In this report we use data from the NOAA Storm Database to evaluate the health and economic consequences of different weather phenomena. The data set includes information about storms and other sever weather events such as: location, duration, injuries and fatalities, as well as damage to crops and properties. The record starts in 1950 and ends in November 2011. We first describe the process to load and clean the data. Next, a simple analysis is performed to determine which events had the greatest health and economic consequences between 1950 and 2011.

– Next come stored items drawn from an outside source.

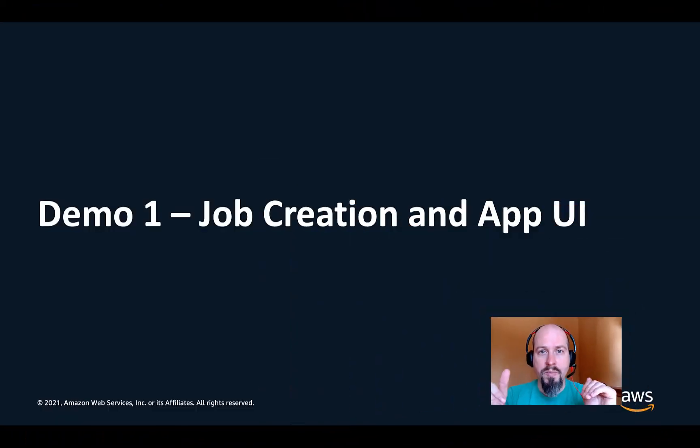I'm going to do three demos right now. Step one is going to be job creation and app UI. Then I'm going to talk about logging and monitoring, and I'm going to talk a little bit about job optimization and how to customize how and where your jobs run on EMR on EKS. So first, let's start with job creation and the app UI.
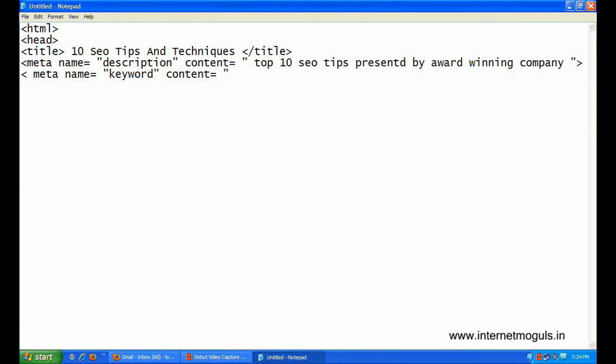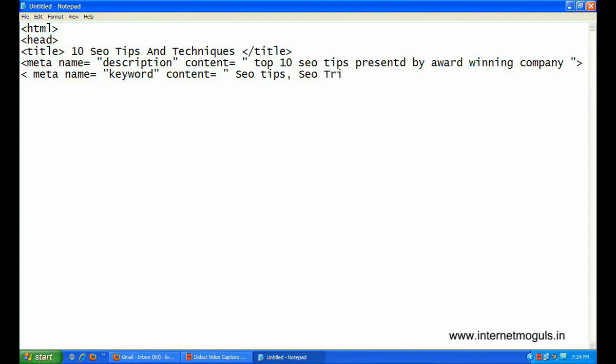I'm writing some keywords. SEO tips, SEO Tricks, Search engine. Close.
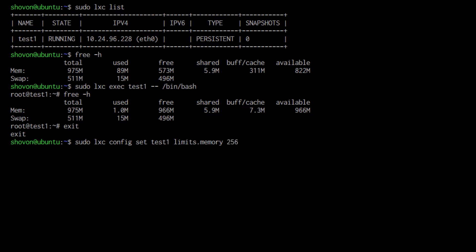In my case, I am going to set it to 256 megabyte, and press enter.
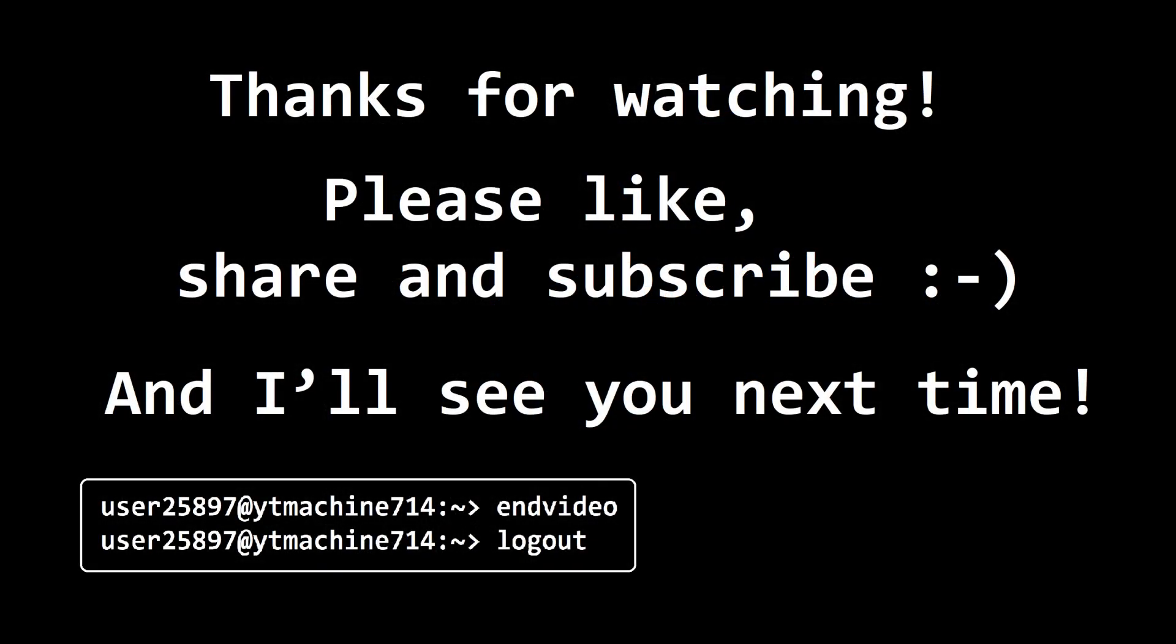So guys, hope you enjoyed this video. Thanks for watching and I'll see you next time!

The data set is contained in a file compressed using the bzip2 algorithm to reduce its size. We begin by decompressing the file and reading it into the variable data. We use the fread function because it is faster than read.csv. You will need to install the R.utils package for the process to work correctly.
library(data.table)
data<-fread("repdata-data-StormData.csv.bz2")
sdata<-dim(data)
By examining data we can see that there are 902297observations with 37 variables each. The names of the variables are:
names(data)
## [1] "STATE__" "BGN_DATE" "BGN_TIME" "TIME_ZONE" "COUNTY"
## [6] "COUNTYNAME" "STATE" "EVTYPE" "BGN_RANGE" "BGN_AZI"
## [11] "BGN_LOCATI" "END_DATE" "END_TIME" "COUNTY_END" "COUNTYENDN"
## [16] "END_RANGE" "END_AZI" "END_LOCATI" "LENGTH" "WIDTH"
## [21] "F" "MAG" "FATALITIES" "INJURIES" "PROPDMG"
## [26] "PROPDMGEXP" "CROPDMG" "CROPDMGEXP" "WFO" "STATEOFFIC"
## [31] "ZONENAMES" "LATITUDE" "LONGITUDE" "LATITUDE_E" "LONGITUDE_"
## [36] "REMARKS" "REFNUM"
We will not be using all variables in this analysis, so we subset data to remove the unnecessary columns.
library(stringr)
data <- data [,-c(1,5:7,9:20,30:37)]
data$YEAR<-str_sub(data$BGN_DATE, -12, -8)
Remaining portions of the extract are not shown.